More EU in Europe vs More EU in NATO: The Dilemma of EU–NATO Defence Cooperation
Disclaimer:
This article was first published in Un cambio de época: América del Norte y la intervención rusa en Ucrania. Geopolítica y nuevas dinámicas de la globalización.
Abstract
This paper examines the evolving dilemma of European defence integration through the prism of the debate between “more EU in Europe” and “more EU in NATO.” It analyzes the structural, political, and strategic tensions shaping EU–NATO defence cooperation in the context of renewed great-power competition and Russia’s war against Ukraine. The study situates the discussion within broader debates on European strategic autonomy, transatlantic burden-sharing, and institutional duplication, assessing whether deeper EU defence integration strengthens or fragments the Euro-Atlantic security architecture.
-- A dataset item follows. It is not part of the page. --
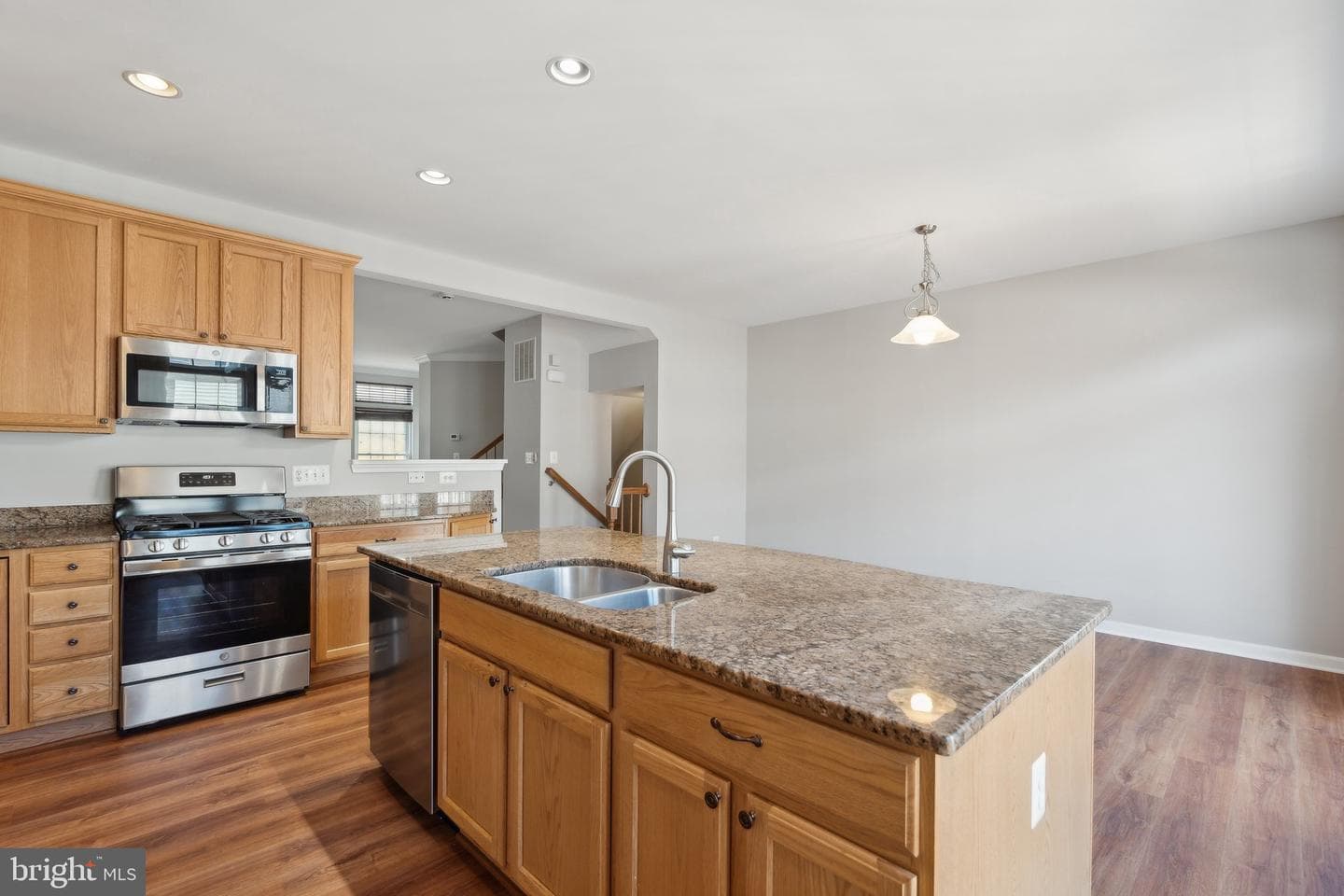 2102 Abbottsbury Way photo 53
By exploring initiatives such as PESCO, the European Defence Fund, and the EU Strategic Compass alongside NATO’s force posture adaptation and enlargement dynamics, the paper evaluates the degree of complementarity and competition between the two organizations.
The analysis argues that the core challenge is not a binary institutional choice but the management of functional interdependence between the EU and NATO. While greater EU defence capabilities may enhance European resilience and contribute to fairer burden-sharing within NATO, misaligned political visions, capability gaps, and strategic divergences risk reinforcing fragmentation. The paper concludes that sustainable European security requires calibrated integration: strengthening EU defence instruments while anchoring them firmly within NATO’s collective defence framework. The future of Euro-Atlantic security will depend on whether policymakers can reconcile ambitions for European autonomy with the enduring strategic centrality of NATO.